And if it is the latter, why did the Stars not know how to handle him? Is it because the two organizations are philosophically different? Do the Stars preach team over everything, while the Rangers allow for individuality? Is it good that each team has its own identity, and are you happy the Stars run their organization the way they do? And if you do feel that way, should we as fans cut players like Mike Modano some slack for being able to be able to fall in line more often than not, to put the organization ahead of himself for a great deal of his career?
Can the Avery debate reach that far? If you don't feel the structured system is best, can you ask why the Stars weren't able to adapt to Avery? He obviously has talent. He can skate, he can agitate, he can score goals. When you watch him now and see what his high-end potential is, do you cut Brett Hull a little more slack for liking what he saw? Could Avery have been the final piece if the team was healthy or was it simply the wrong player at the wrong time?

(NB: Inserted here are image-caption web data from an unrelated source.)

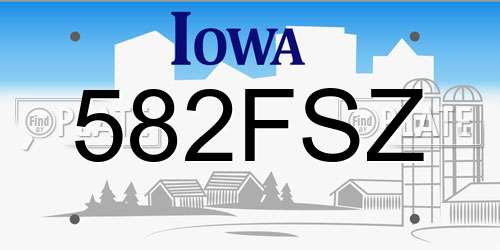 582FSZ Iowa License Plate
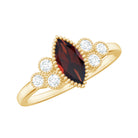 Natural 4X8mm Garnet Marquise Engagement Ring with Diamond AAA - Rosec Jewels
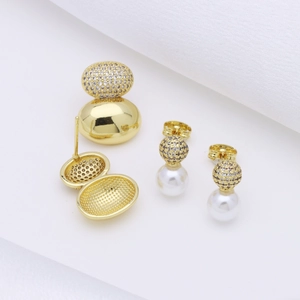 18k gold plated gourd-shaped earrings with sparkling cubic zirconia and white pearls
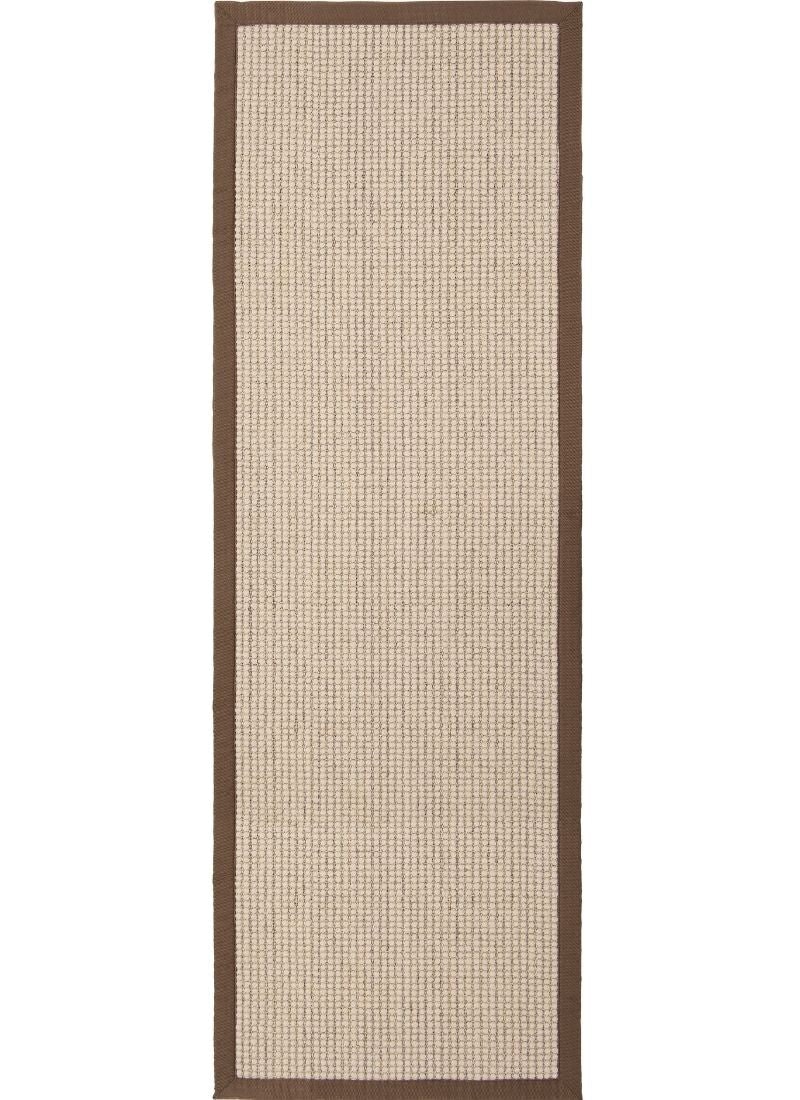 Rackhams Brown Sisal & Wool Rug – Flat-Weave - 67X200 Cm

Heika still sees it as "wrong player at the wrong time," which may be correct. Avery was an ill-fit; a redundant player based on what was already on the Stars' roster. He was also an odd fit for a team that had just come off a successful playoff run and seemed to thrive on that chemistry.
It's a great read from Heika, even if it asks more than it answers. One more point that's worth conveying, regarding Avery, the NHL and marketing:
Does Avery's success on Broadway and the current use of him as a marketing tool (by the NHL, NBC and Versus) strike just a bit of an ironic chord in this sport? I honestly believe Avery was trying to prove he was a brilliant marketer when he uttered those offensive words in Calgary back in December. He wanted to show the NHL that he knew how to bring in a crowd. And you know what, he was right. His technique was wrong, but his vision was right.
Avery's marketing instincts have always been keen when it comes to the notion of marketing heroes, villains and personalities that's been completely lost on the NHL for decades.
But it's not ironic or hypocrisy for the NHL to market Avery now with the Rangers -- it's predictable.
The NHL always wants to control the message, control the image, control the persona. Avery wanted to create his own character, and that didn't sit well with the suits. So when he did something that, even in hindsight, strikes any rational person as incredibly benign, the NHL slapped him down and shipped him off for a personality adjustment.
Now that the League is comfortable that there's been some reform, that there is some restraint, it will embrace Avery as a dulled but still compelling personality. Until, and unless, he becomes Sean Avery again.